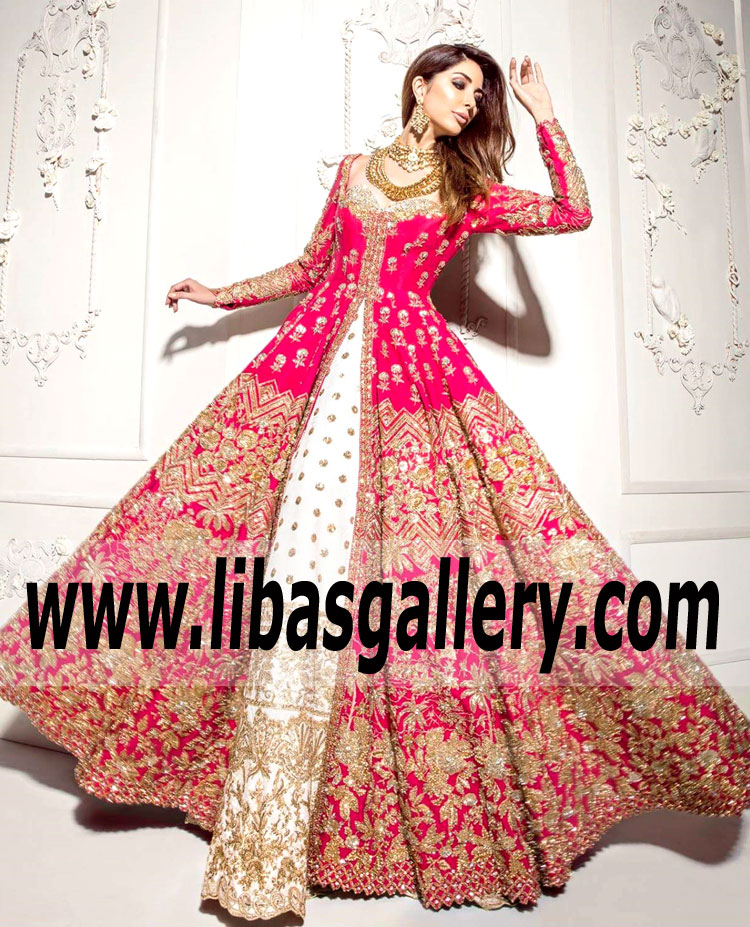Republic Womenswear Wedding Gown for Beautiful Brides Latest Pakistani Bridal Dresses New York California CA USA Bridal Gown Collection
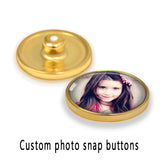 Custom Snap Buttons 12mm/18mm/20mm Silver/Golden Personalized Photo DIY Necklace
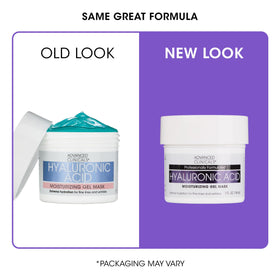 Advanced Clinicals open jar revealing smooth hyaluronic gel texture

═══

The span to retype runs from the line containing "Custom Snap Buttons" through the last line of the listing above, both ends included; copy it exactly, without pictures.

__Solution__
 Custom Snap Buttons 12mm/18mm/20mm Silver/Golden Personalized Photo DIY Necklace
 Advanced Clinicals open jar revealing smooth hyaluronic gel texture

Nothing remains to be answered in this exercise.